People can talk in informal situations however they choose. But they should also know how to talk (and write) in situations that call for a more formally accepted command of the language. My fear is that increasing numbers are incapable of this.
I really do look askance at many of the lax views given here, which seem to add up to “As long as some people talk that way, then it’s OK across the board.”
By way of just one example, this goes for “reelator.” I recall a few years ago when the National Realtors Association produced TV and radio spots specifically emphasizing the proper pronunciation. Kudos to them for doing so.
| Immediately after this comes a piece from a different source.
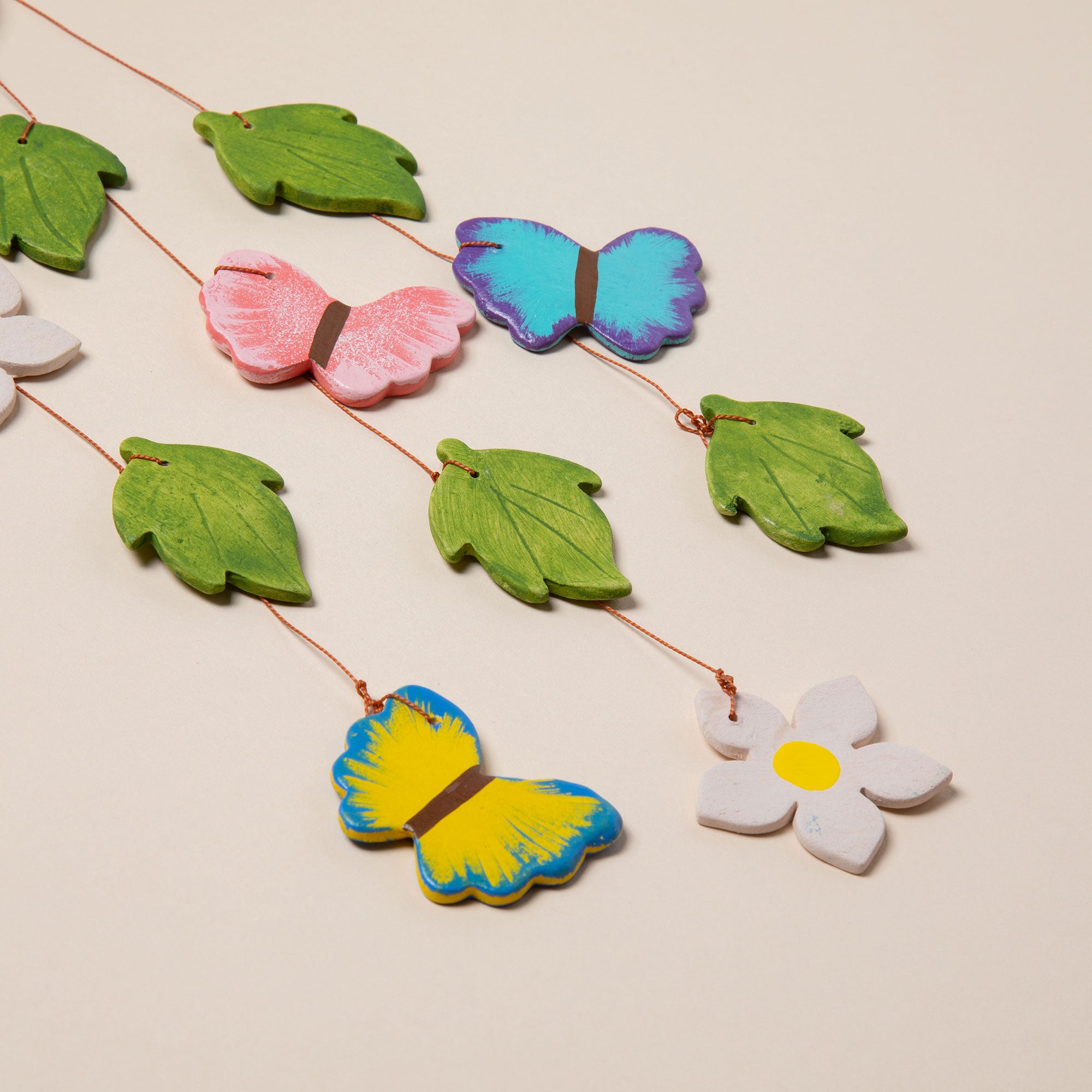 Flying Butterflies Ceramic Wind Chime | GreaterGood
And when the increasing numbers are large enough, they will decide what situations call for formal language and what sort of language constitutes formal. No one is saying that 75 cent would be appropriate for a business presentation or some other professional piece of work. What I, at least, am saying is that there is not enough societal pressure in a food service job to stamp out such slanginess. Maybe she is doomed to work fast food for the rest of her life because she leaves off the plural S. Or maybe she gets a nice white collar job down the line working for someone who doesn’t care if she says 75 cent as long as she writes 75 cents. Or maybe 75 cent catches on and like fish or sheep, cent becomes both a singular and a plural. At any rate, I doubt a few exchanges with the cashier at McDonald’s really gives you enough data to make any speculation about her language capacities.